The ultimate product of speech recognition are the words contained in utterances. You don’t have to have a PhD in linguistics or to be a computer scientist to understand what words are. Anyone with a good mastering of a language–and almost everyone master their own mother tongue–can listen to an utterance and more or less identify the words in it. There is also a general agreement about the notion of words. Words are words are words. And we all learn words since our childhood. So the output of a speech recognizer is quite well defined. As a consequence, it is relatively easy to come up with a lot (today in the hundreds of millions) of examples of utterances and their transcription into words. And if you master the art of machine learning, you can build, once and for all, a machine that learns from all of those transcribed utterances, and the same machine will also be able to guess words it has never seen before, since the machine will learn also the word constituents, the phonemes, and it will be able to put models of phonemes together to guess any possible existing or non existing word. And once that machine is built you have a general speech recognizer.

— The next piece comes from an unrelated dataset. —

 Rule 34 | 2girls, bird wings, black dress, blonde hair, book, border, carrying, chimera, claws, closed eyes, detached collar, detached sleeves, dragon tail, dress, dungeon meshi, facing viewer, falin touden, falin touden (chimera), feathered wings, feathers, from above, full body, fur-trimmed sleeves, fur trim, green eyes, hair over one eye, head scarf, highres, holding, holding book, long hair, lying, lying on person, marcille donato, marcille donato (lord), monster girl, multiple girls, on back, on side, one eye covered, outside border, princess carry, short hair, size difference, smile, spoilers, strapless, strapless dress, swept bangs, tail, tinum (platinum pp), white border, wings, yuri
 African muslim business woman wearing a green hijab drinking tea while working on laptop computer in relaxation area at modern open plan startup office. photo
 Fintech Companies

Instead, the ultimate product of language understanding is meaning. What is meaning? Linguists and semanticists have bee arguing for decades on how to represent meaning, because a representation of meaning is not evident to us, or at least it is not as evident as words are to every speaker of a language (as long as the language “has” words). So, a representation of meaning, one of the many available in literature, has to be defined and imposed, in order to start building a machine that would be able to extract meaning from spoken utterances or text. While we can easily transcribe large numbers of utterances into words and use them to create machine-learned speech recognizers, associating meanings to a large number of utterances, or large amounts of text, it is way more laborious, and way more error prone than transcriptions. Moreover, associating meanings to utterances or text can be done only if you have a rather good understanding of linguistics and the chosen meaning representation. And, besides that, meaning representations depend on domains. Think for instance the meaning of the word “bank” in a financial domain, as opposed to the meaning of the same word in aeronautics or geography.

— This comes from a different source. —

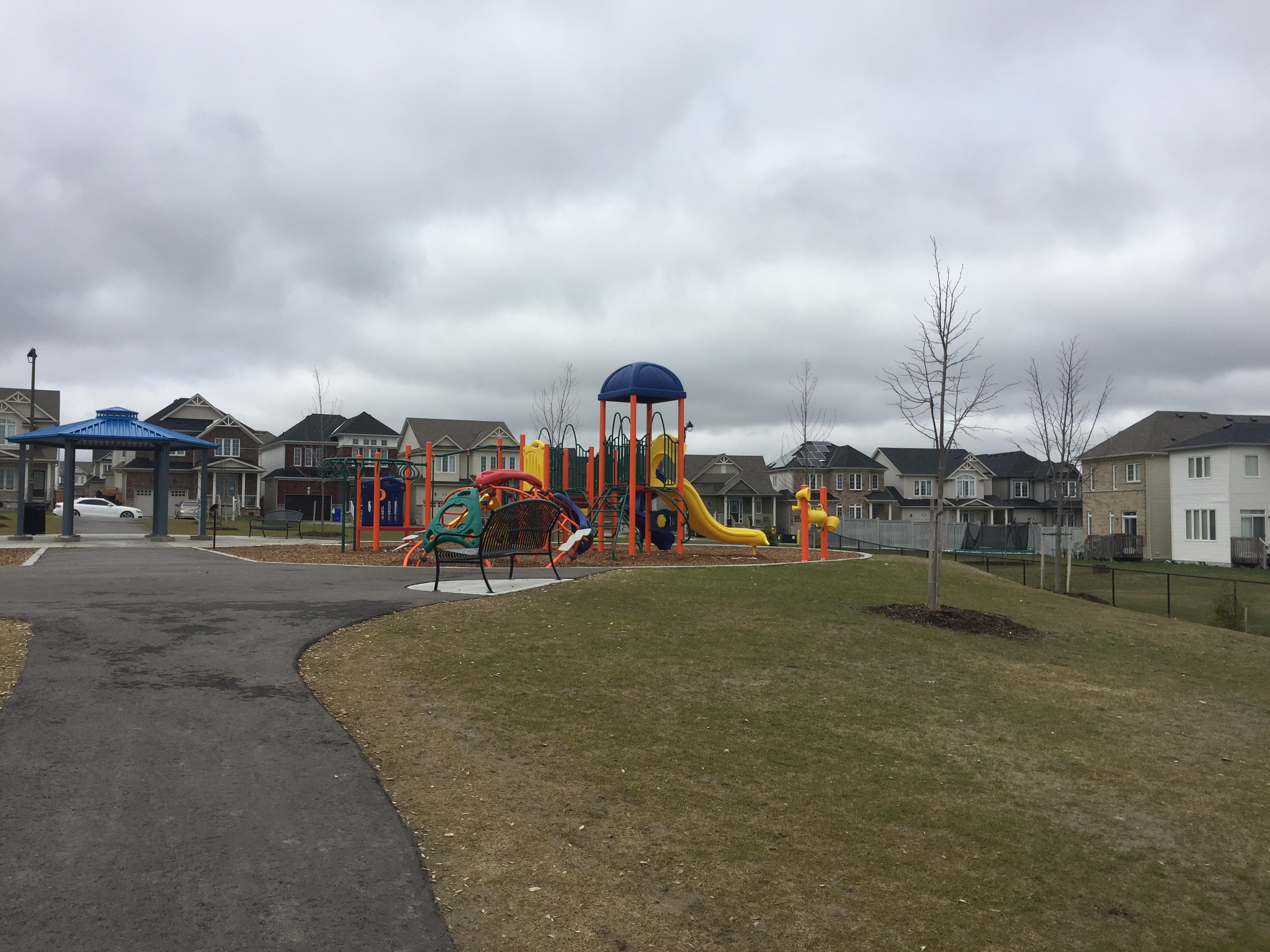 Shelburne Community Park playground equipment in Shelburne, ON with water treatment system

This is why, in my opinion, we do not have yet general language that can learn from data in any domain and in any situation. The point I want to make is that in artificial intelligence–I am using a general notion of AI here–we have been quite successful at building machines that can learn how to transform input signals into a representation which is somehow naturally evident, like words, but we have never been so successful when the representation is hidden, or artificially imposed by theories, like meanings. Is there a way out of this impasse towards building machines that truly understand language in a general way and are not so domain specific like the ones we have today? I hope so.

Post Scriptum:  Humans express meanings naturally not by using a sophisticated symbolic representation, but by rephrasing the original sentence into another. For instance, if you ask someone what the following sentence means “I am going to the market to buy potatoes”, he or she may say something like “this means that the person who is speaking has the intention to go to a place where they typically sell fresh produce to acquire edible tubers.” This process can go on ad infinitum by substituting every word of the new sentence with its definition, for instance taken from a dictionary. So, if we do that for another round of substitutions, we may get something like “…has the determination to move in a course towards a physical environment where they give up property to others in exchange of value such as unaltered agricultural products to come into possession of fit to be eaten fleshy buds growing underground.”

Apples and Oranges

•July 17, 2012 • 1 Comment

There is a lot of talking about the performance of Apple’s Siri. An article appeared on the New York Times  a few days ago brutally destroying Siri from the point of view of its performance, and others compare it with Google Voice Search. As a professional in the field, having followed Google Voice Search closely, knowing well the people who work on it–many of them former colleagues in previous lives and respected scientists in the community–I know and trust it is definitely a state-of-the-art (and beyond) piece of technology. As far as I know it is based on the latest and greatest mathematical models, it uses a lot (and I mean “a lot”) of data, and I can trust my Google friends are squeezing this data to the last bit of information in order to get the best possible performance.  I have to admit I know very little about Siri. It is general knowledge that it uses Nuance’s speech recognizer, but beyond that we know very little. While the scientists from Google are often present at the most prestigious conferences in the field, and often present results to the community, I haven’t met anyone from Siri yet at one of these conferences, nor have I seen a scientific paper on it. I may have missed that, but I think it is Apple’s policy not to divulge what cooks inside their labs.   So, besides the speech recognizer, I don’t know the details of how Siri works, although I have some ideas about it. But the point I want to make here is that comparing Siri with Google Voice Search is a little bit like comparing Apples and Oranges (the pun is intended). Let me explain why.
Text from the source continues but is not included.